The Prime Minister returned to his former role as a journalist today penning a column in the Yorkshire Post trumpeting rail improvement plans for the region.
The £96bn Integrated Rail Plan will help transform services across the Midlands and north of England cutting journey times ten years earlier than planned.
Full details of the plan will finally be revealed by Transport Secretary Grant Shapps later today.
Johnson said: “HS2 will come to Sheffield, meaning a trip to or from London will take just 1 hour 27 minutes – precisely the same as under the old HS2 plans, and fully half an hour faster than now. And we’ll look at how to get HS2 to Leeds too, with a new study on the best way to make it happen.

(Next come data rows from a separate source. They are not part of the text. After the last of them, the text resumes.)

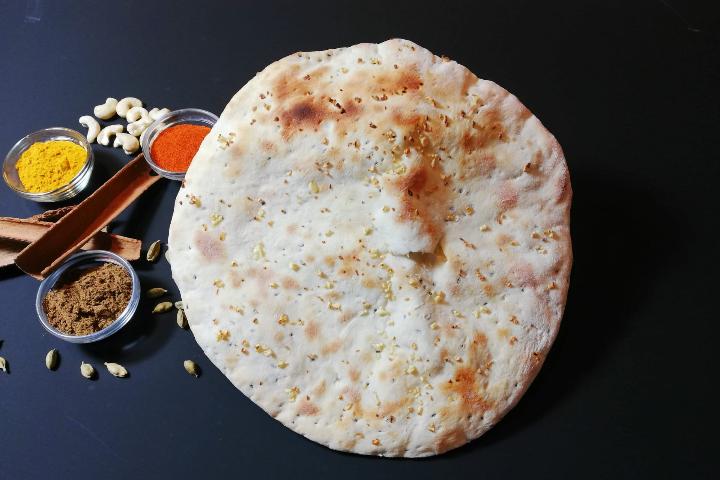 Naan au Fromage - Le Gandhi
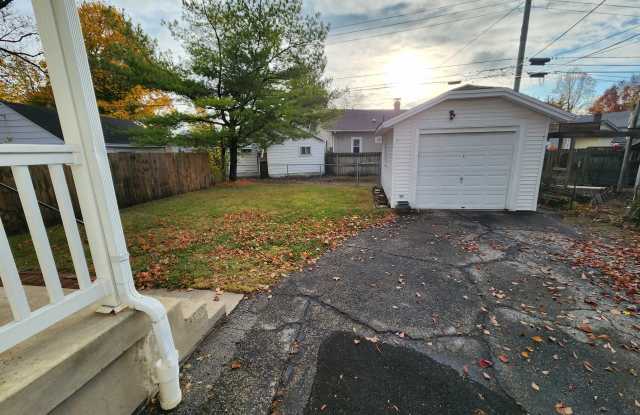 2316 Rosemont Boulevard photos photos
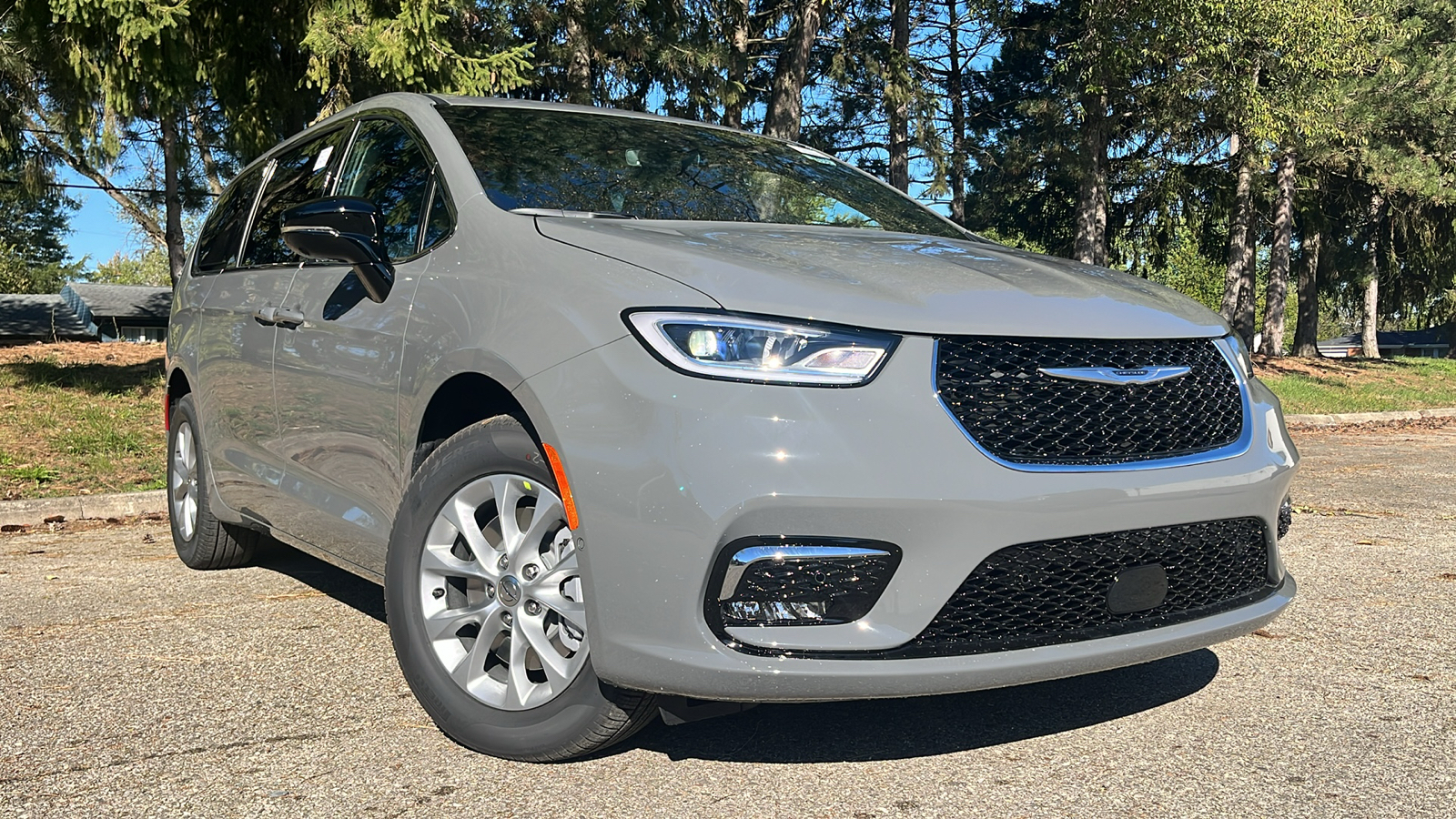 2025 Chrysler Pacifica Select AWD 2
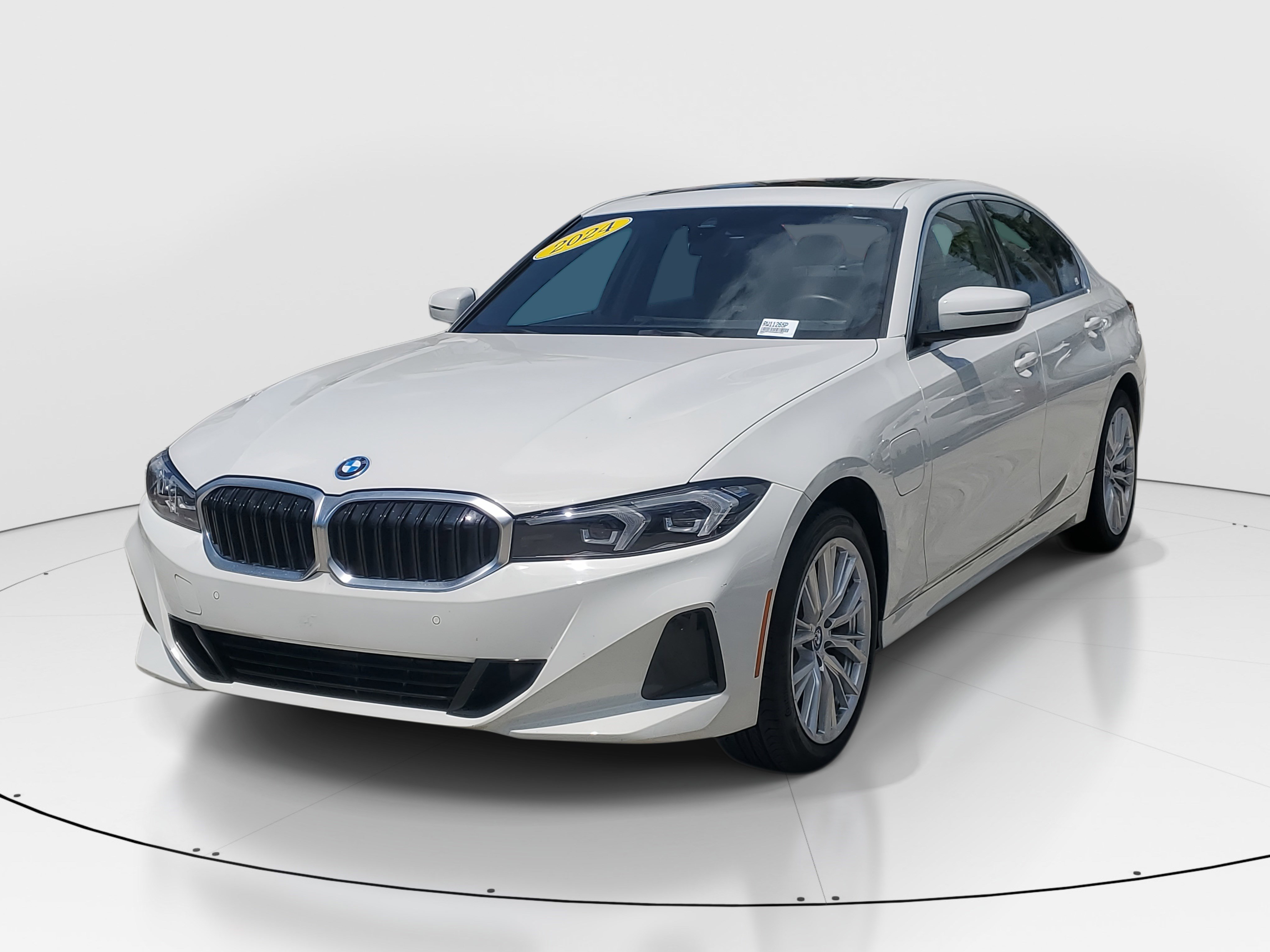 2024 Bmw 330e xDrive photo 4
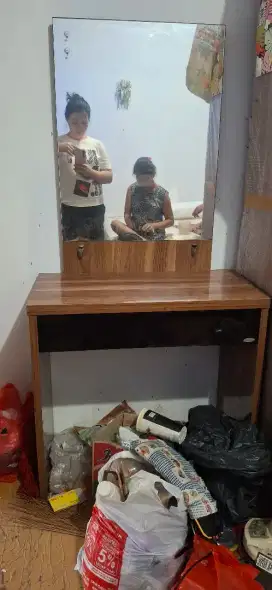 Meja Hias informa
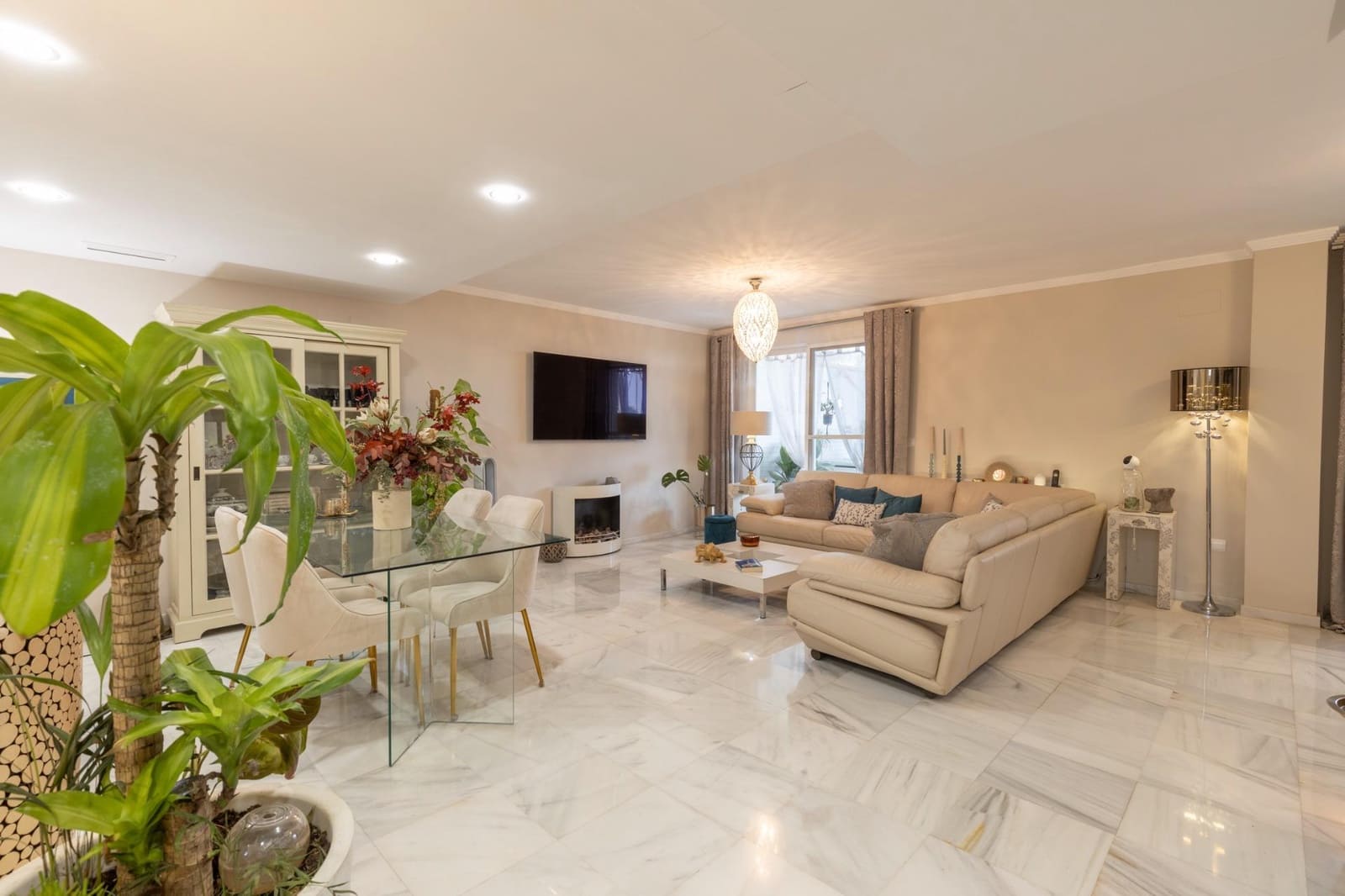 Adosado de 4 habitaciones en Granada ciudad en venta con piscina garaje - 655.000 € (Ref: 9977507)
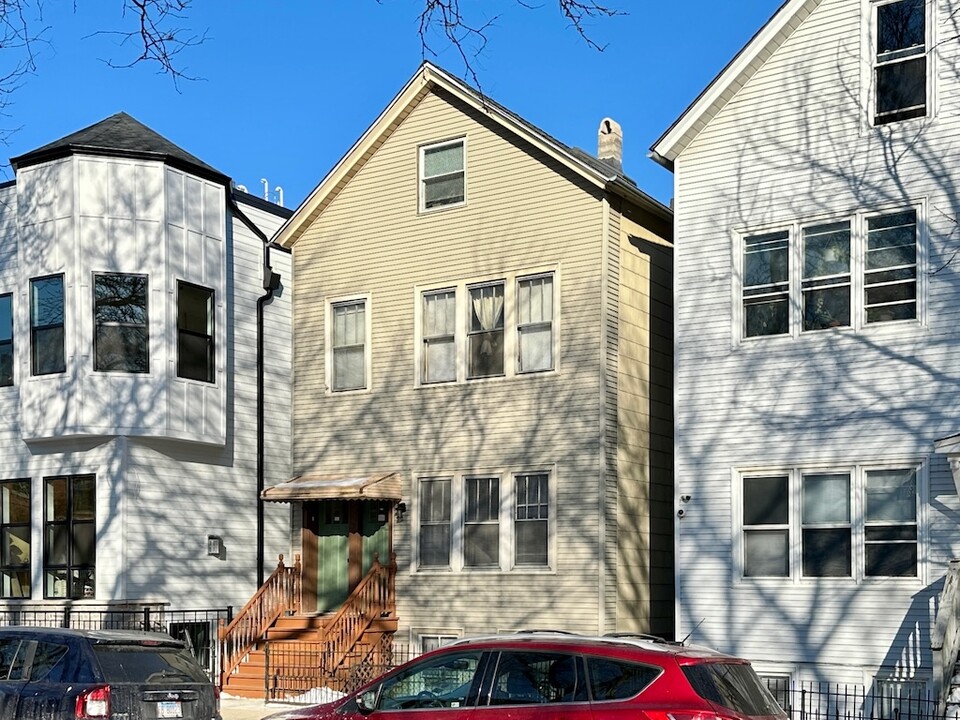 2553 N Marshfield Ave in Chicago, IL - Building Photo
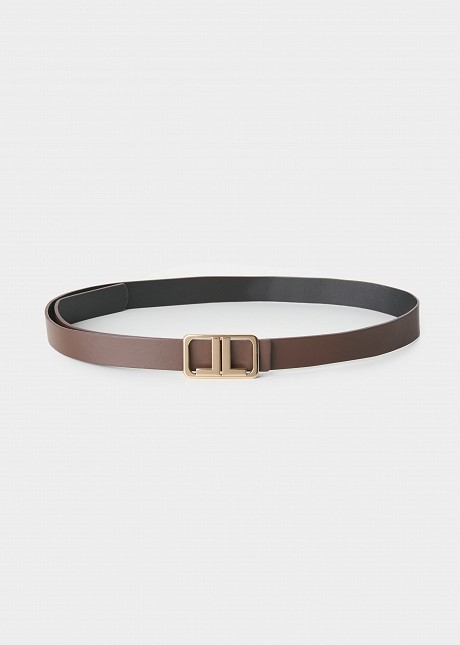 Belt with logo buckle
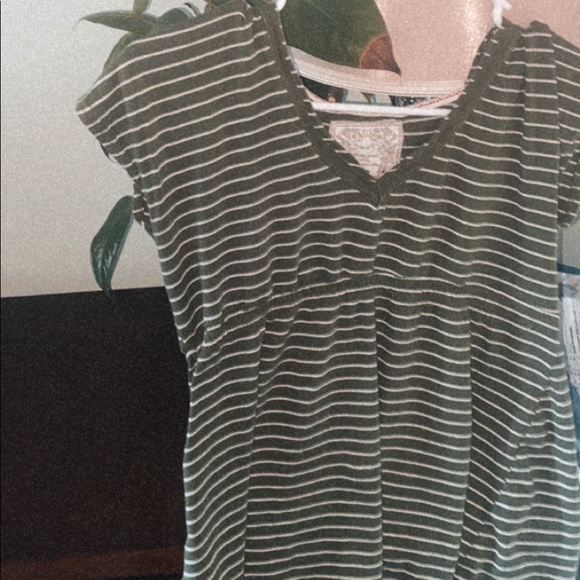 Olive green stripped cute top - Picture 2 of 3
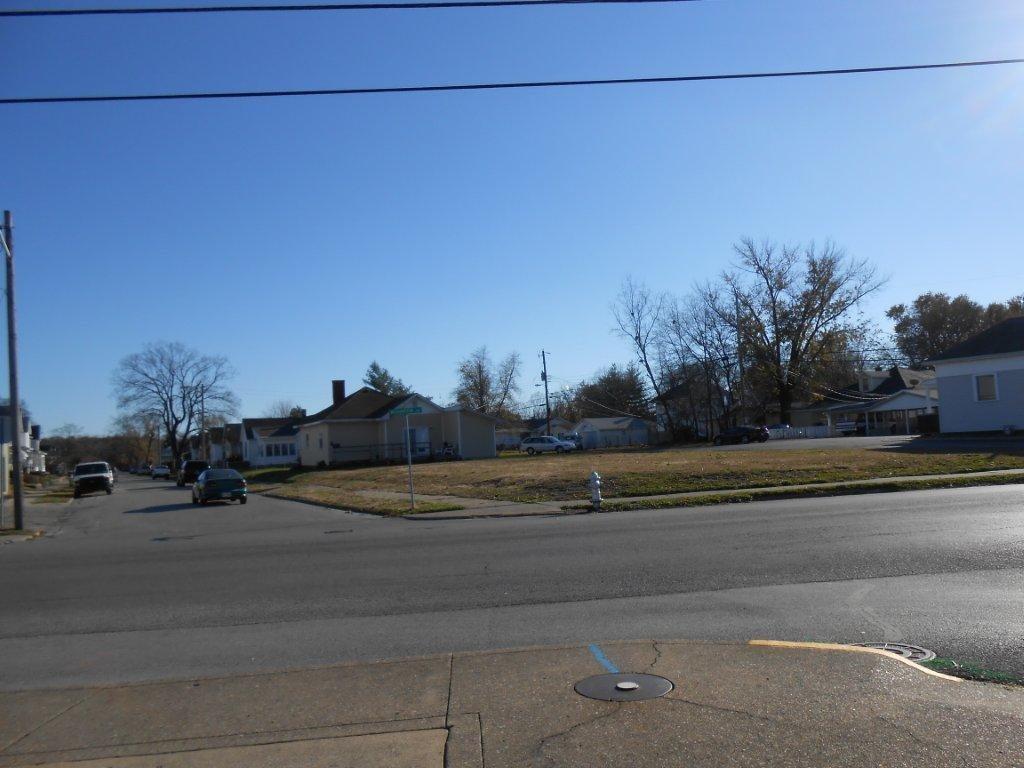 1323 Washington Avenue - Photo 1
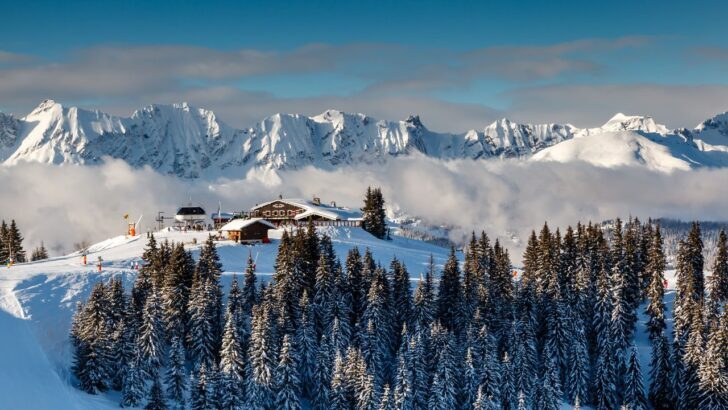 Vista de una estación de esquí en Europa con montañas nevadas al fondo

“But high-speed rail is grindingly slow to build. Under the original blueprint, first drawn up more than a decade ago, Yorkshire would have not have seen the benefits of our investment until at least the 2040s.
“Levelling up can’t wait that long. And towns like Wakefield, Doncaster, Dewsbury and Huddersfield would have suffered as trains were taken off the existing main lines.
“So rather than just waiting for another two decades for a scheme that snubs much of Yorkshire, we will do more, and sooner.”
HS2 was originally meant to connect London with the city centres of Birmingham, Manchester and Leeds.
It now appears a shorter high-speed route will be created from Birmingham to East Midlands Parkway, with the HS2 trains then running as far as Sheffield on mainline tracks.